If you are on the electoral register, by law you are obliged to attend a polling station. If you stay away, you need a valid reason. Fail to turn up or to give somebody else your power of attorney and you may be reprimanded by a judge or obliged to pay an 80 euro fine. Ignore several elections and the fine could total 200 euros. In the end you could lose your place on the electoral list and miss out on promotions in a government job.
Come to the polling station armed with your ID card and your invitation to vote. People who are ill, abroad or working can vote by proxy, but you will need the right paperwork.
In over half of all municipalities in Flanders voting happens by computer. In Wallonia there's been a return to pencil and paper ballots in some places out of concerns about the expense of computers and reliability.
To cast a valid vote, vote for an entire list: indicate next to the name of the list or party. This means you agree with the order of candidates on the list. You can vote for one or more candidates on the same list to show you support their candidacy. As a result they may move up the list and stand a greater chance of being elected. You MUST stick to candidates on one and the same list! Otherwise your vote becomes spoiled. If you are voting for a provincial council (only outside Brussels!) and a municipal council, you can of course choose different parties for each vote.

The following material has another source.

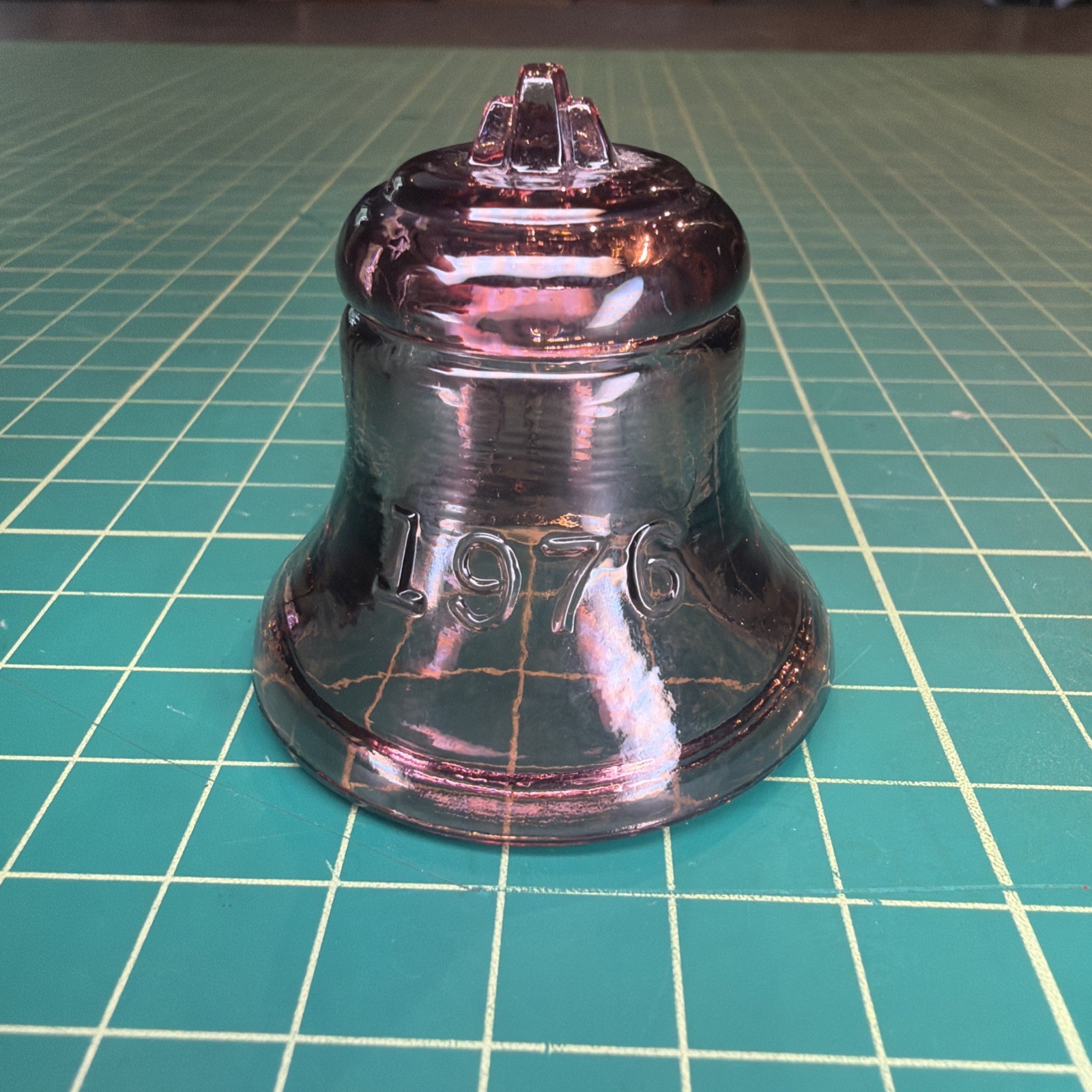 Degenhart Glass 1776 – 1976 Purple Amethyst Bicentennial Bell Vintage Figurine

If you wish to spoil your paper ballot, tear it or write on it. You can cast a blank ballot by not filling anything in on a ballot paper or by indicating the blanco box in computer voting.
Votes are anonymous and secret, but you probably won't be prosecuted if you take a selfie showing who you voted for. Legal experts say others are not allowed to reveal who you voted for, but you can!
In Flanders polling stations open at 8AM and stay open till 1PM if you're voting on paper, until 3PM if it's by computer.